Sunday, April 26, 2009

Relationships

So this weekend I went to Atlanta for a choir competition and it was fantastic. We placed pretty well and had a lot of fun going places. I love all the pranks and all the things that are talked about and hearing about all the relationships that are either created or destroyed. There are always people getting together, breaking up, or having fights during these trips. I have no problem just having a fling with someone and I have no problem with hook-ups. But I have a problem with relationships. I'm not sure why and I have always tried to figure out why I feel the way I do. In relationships I feel trapped and I feel like it is more work than fun. I am too independent to depend on anyone else and I have trust issues with people. I was talking to my friend Maddie on the phone about this earlier in the year and she mentioned that it is maybe because I'm not happy maybe. She said its hard to be happy with someone else when you aren't happy in the first place so maybe until I'm happy and comfortable with my life I wont be able to have a relationship. I really have trouble believing that genuine love exists. I just can't see that some person can love someone so much that they would put all of their energy and emotions into someone. I think I have had this problem for a long time and I know for a fact I don't believe in marriage. I have never seen a relationship last and I have never heard of a person that doesn't flake out on the one they "care" about. I just feel like going into a relationship would be setting yourself up to be let down. I know that's not how it is all the time considering many people go everyday with wonderful relationships that they could not be anymore happy with.
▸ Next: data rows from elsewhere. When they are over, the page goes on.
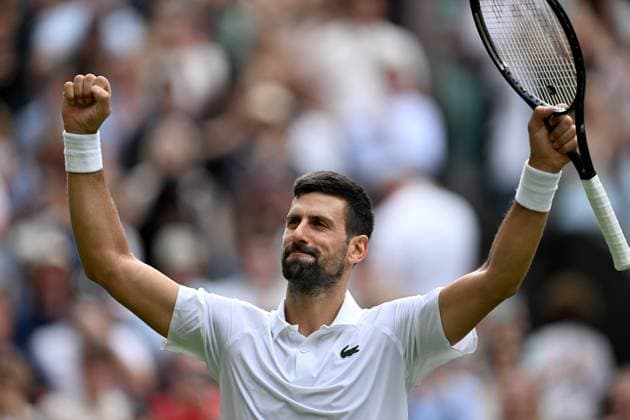 (250708) -- LONDON, July 8, 2025 -- Novak Djokovic celebrates after the men s singles round of 16 match between Novak Djokovic of Serbia and Alex De Minaur of Australia at the Wimbledon Tennis Championships in London, Britain, July 7, 2025. ) (SP)BRITAIN-LONDON-TENNIS-WIMBLEDON-MEN S SINGLES LixYing 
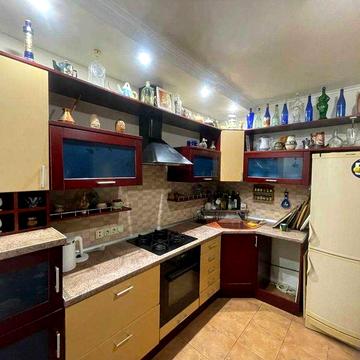 3к квартира 100м2 рядом с центром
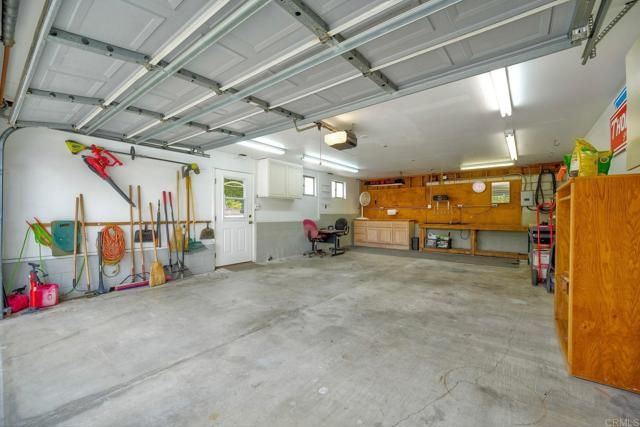 2301 Ivy Rd, Oceanside, CA 92054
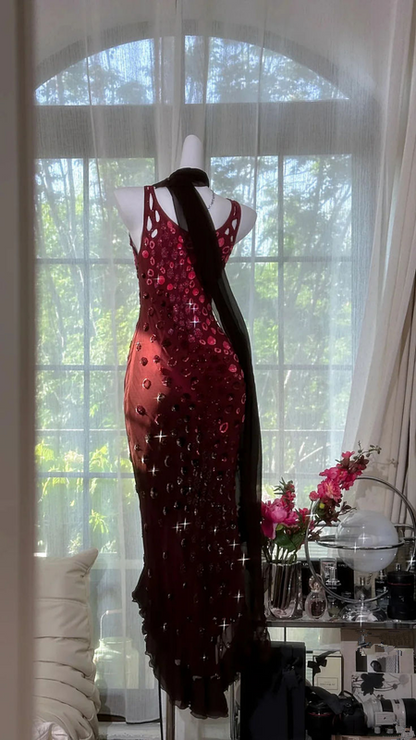 Deep red halter-neck fitted bodycon long ball gown R6548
So I wonder why it phases me so much. Everyone knows my views on people and how they don't really live for anything but themselves. Maybe that could be one of the problems. I don't know. I wish that I could just let myself go and emotionally invest myself into someone I think cares about me but I cant. Ive also seen many people get too emotionally invested so when something goes wrong they're a complete mess. I see so much faith in other peoples relationships with one another...so I guess it really is just me that's the problem. I just cant think about this anymore. I confuse and upset myself when thinking about it. I think I just need to talk through it at some point to get my mind straightened out. I don't know.